Allerdings wäre das nicht ganz im Sinne von REST.

Wie würde das korrekt im Sinne von REST gemacht werden? Denn was mir nicht so ganz klar ist, ich könnte zwar mit einem _POST /tickets/:id_ das Ticket ändern. Allerdings muss je nachdem was geändert wird, der Server unterschiedliche Verarbeitungen starten. Z. B. wenn der Bearbeiter geändert wird, wird zusätzlich eine E-Mail Benachrichtigung gesendet.
Oder es kommt auch drauf an, wer das Ticket erstellt. Wenn ein Mitarbeiter das Ticket erstellt, wird eine E-Mail Benachrichtigung an den Kunden versendet, wenn ein Kunde das Ticket erstellt, wird eine E-Mail Benachrichtigung an den Mitarbeiter gesendet.


----------



## JeromeC (12. Feb 2015)

eskimo328 hat gesagt.:


> Allerdings wäre das nicht ganz im Sinne von REST.



Was ist nicht im Sinne von REST? REST sagt nur aus, welches Verhalten erwartet wird, nicht wie die Implementation dahinter aussieht. GET fordert eine Ressource an, usw. Was aber nötig ist, um die GET-Anfrage auszuführen, ist nicht eingeschränkt (Mails schreiben, Hühner füttern, etc.).
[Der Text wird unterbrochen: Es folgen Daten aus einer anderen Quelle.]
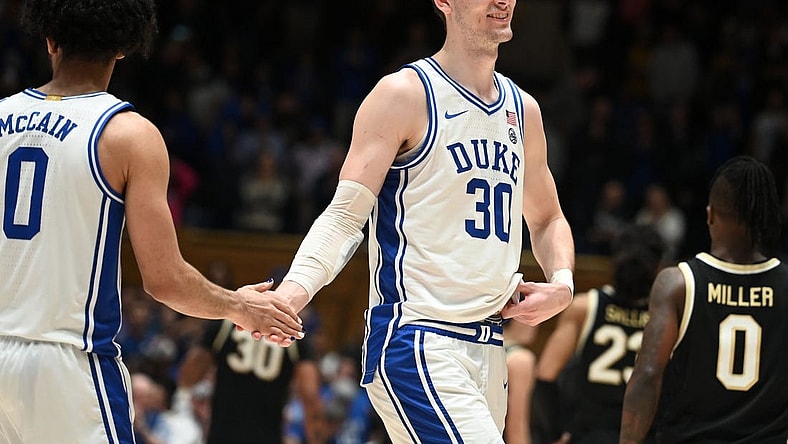 Feb 12, 2024; Durham, North Carolina, USA;  Duke Blue Devils center Kyle Filipowski (30) reacts after beating the Wake Forest Deamon Deacons at Cameron Indoor Stadium. The Blue Devils won 77-69. Mandatory Credit: Rob Kinnan-USA TODAY Sports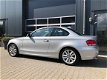 BMW 1-serie Coupé - 120D Aut Xenon Navi Schuifdak Sportstoelen Leder 120d High Executive - 1 - Thumbnail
Man geht nur meistens davon aus, dass REST-Services zustandslos sind, also keine Werte oder Parameter in sich halten.
Übrigens: Das Erstellen eines Ticket wäre für mich auf den ersten Blick ein PUT-Befehl.
Überblickerweise kommt auch erst der Methodenname und dann die Parameter, also /tickets/assign/:id.


----------